Kepada BBC, Yvonne berkata dalam sebuah wawancara, “Jika aku menganggap ada sesuatu dalam agama ini yang tidak adil terhadap kaum perempuan, aku pasti tak akan mau masuk Islam.”

Yvonne kembali menohok dengan pernyataanya yang lugas, “Kini katakan kepadaku mana yang lebih membebaskan, dinilai karena panjang pendek rokmu dan ukuran buah dada palsumu, atau dinilai karena kepribadian, otak, dan kecerdasanmu? Majalah-majalah mendikte kita bahwa untuk dicintai kita harus bertubuh tinggi, langsing, dan cantik. Bahkan, tekanan kepada para pembaca remaja untuk memiliki pacar sudah nyaris mengarah ke cabul.”

Yvonne juga menyatakan bahwa Islam menjamin sepenuhnya hak perempuan untuk mendapatkan pendidikan dan merupakan tugas semua perempuan untuk mencari pengetahuan, apakah dia lajang atau menikah. Tak ada dalam pandangan Islam yang menyatakan bahwa tugas kaum perempuan di dunia diharuskan secara mutlak mencuci, membersihkan rumah, atau memasak untuk kaum lelaki.

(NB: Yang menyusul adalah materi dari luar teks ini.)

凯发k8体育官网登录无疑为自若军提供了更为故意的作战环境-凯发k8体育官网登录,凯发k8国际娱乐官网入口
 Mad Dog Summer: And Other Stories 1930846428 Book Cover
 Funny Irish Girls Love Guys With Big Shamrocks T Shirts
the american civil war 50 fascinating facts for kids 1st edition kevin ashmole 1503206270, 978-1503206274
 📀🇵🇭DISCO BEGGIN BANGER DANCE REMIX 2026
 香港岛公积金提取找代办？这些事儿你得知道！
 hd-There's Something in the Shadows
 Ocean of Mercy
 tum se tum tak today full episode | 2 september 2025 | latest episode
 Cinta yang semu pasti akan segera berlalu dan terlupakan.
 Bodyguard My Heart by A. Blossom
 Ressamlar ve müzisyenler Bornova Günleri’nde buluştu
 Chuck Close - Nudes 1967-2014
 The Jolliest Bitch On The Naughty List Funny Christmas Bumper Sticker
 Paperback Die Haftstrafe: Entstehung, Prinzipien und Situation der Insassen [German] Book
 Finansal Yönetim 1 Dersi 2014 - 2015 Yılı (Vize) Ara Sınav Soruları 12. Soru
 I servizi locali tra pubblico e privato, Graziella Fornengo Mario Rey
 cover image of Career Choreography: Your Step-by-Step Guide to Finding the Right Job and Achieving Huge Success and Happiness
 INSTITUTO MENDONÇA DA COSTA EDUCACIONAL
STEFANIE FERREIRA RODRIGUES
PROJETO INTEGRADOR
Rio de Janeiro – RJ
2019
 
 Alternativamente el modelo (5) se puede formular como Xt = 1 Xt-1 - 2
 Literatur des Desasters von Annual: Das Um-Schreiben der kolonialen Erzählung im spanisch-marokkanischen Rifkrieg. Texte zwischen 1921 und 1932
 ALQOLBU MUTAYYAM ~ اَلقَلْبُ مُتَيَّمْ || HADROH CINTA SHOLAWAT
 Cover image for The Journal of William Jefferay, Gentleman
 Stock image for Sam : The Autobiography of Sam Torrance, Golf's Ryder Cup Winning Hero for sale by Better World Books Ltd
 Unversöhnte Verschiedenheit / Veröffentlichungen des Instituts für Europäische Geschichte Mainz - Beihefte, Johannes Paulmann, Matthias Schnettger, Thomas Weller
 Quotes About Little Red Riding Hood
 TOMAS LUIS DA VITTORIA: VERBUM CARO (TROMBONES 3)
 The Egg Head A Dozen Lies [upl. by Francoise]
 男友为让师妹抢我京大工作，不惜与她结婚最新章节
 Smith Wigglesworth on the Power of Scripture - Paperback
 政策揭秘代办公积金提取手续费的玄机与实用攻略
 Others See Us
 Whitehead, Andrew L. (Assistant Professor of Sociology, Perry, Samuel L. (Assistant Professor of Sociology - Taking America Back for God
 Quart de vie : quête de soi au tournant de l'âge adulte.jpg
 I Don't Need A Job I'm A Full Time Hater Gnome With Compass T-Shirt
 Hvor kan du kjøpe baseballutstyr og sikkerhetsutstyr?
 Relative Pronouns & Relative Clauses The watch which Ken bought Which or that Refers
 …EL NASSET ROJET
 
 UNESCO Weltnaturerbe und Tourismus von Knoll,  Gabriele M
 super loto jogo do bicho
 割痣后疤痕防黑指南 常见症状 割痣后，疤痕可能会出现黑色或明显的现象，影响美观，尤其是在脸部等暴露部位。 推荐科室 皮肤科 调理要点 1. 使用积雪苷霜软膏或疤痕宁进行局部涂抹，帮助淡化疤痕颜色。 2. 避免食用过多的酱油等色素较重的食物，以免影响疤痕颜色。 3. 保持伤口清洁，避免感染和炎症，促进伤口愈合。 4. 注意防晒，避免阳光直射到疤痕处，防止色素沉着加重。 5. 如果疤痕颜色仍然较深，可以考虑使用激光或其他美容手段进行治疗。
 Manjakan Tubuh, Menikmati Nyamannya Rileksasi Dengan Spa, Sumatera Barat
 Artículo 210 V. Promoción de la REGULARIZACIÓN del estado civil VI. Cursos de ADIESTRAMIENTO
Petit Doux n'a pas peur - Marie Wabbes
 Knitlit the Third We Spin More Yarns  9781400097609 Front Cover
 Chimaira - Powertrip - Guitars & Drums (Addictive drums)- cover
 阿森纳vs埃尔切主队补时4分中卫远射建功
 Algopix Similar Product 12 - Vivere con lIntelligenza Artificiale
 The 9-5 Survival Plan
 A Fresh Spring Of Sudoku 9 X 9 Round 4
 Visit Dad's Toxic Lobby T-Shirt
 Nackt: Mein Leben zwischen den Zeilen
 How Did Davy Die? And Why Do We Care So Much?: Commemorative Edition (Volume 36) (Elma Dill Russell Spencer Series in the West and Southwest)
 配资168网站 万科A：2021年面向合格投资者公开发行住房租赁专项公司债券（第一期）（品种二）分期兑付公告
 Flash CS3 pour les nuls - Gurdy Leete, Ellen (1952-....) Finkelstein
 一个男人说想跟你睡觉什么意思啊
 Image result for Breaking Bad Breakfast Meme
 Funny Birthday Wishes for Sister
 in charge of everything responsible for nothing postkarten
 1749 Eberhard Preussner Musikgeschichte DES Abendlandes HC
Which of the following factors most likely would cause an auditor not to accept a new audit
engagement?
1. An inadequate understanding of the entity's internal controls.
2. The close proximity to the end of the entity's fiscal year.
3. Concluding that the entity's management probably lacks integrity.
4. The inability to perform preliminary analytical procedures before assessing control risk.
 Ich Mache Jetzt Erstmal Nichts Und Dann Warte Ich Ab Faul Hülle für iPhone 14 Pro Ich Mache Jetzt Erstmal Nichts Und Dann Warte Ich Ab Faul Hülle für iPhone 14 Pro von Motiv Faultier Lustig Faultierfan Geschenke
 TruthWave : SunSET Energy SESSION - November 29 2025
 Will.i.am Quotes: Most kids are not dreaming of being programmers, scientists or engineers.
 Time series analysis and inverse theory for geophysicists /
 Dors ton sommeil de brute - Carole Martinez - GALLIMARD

Pendek kata, dalam istilah Yvonne, “Segala yang diperjuangkan oleh kaum feminis pada dasawarsa 1970-an ternyata sudah didapat oleh para perempuan Muslim 1400 tahun silam. Bahkan ditegaskan di dalam Islam, wanita merupakan tiang negara dan sesungguhnya syurga berada di bawah telapak kaki ibu,” ujar Yvonne yang kini aktif berdakwah.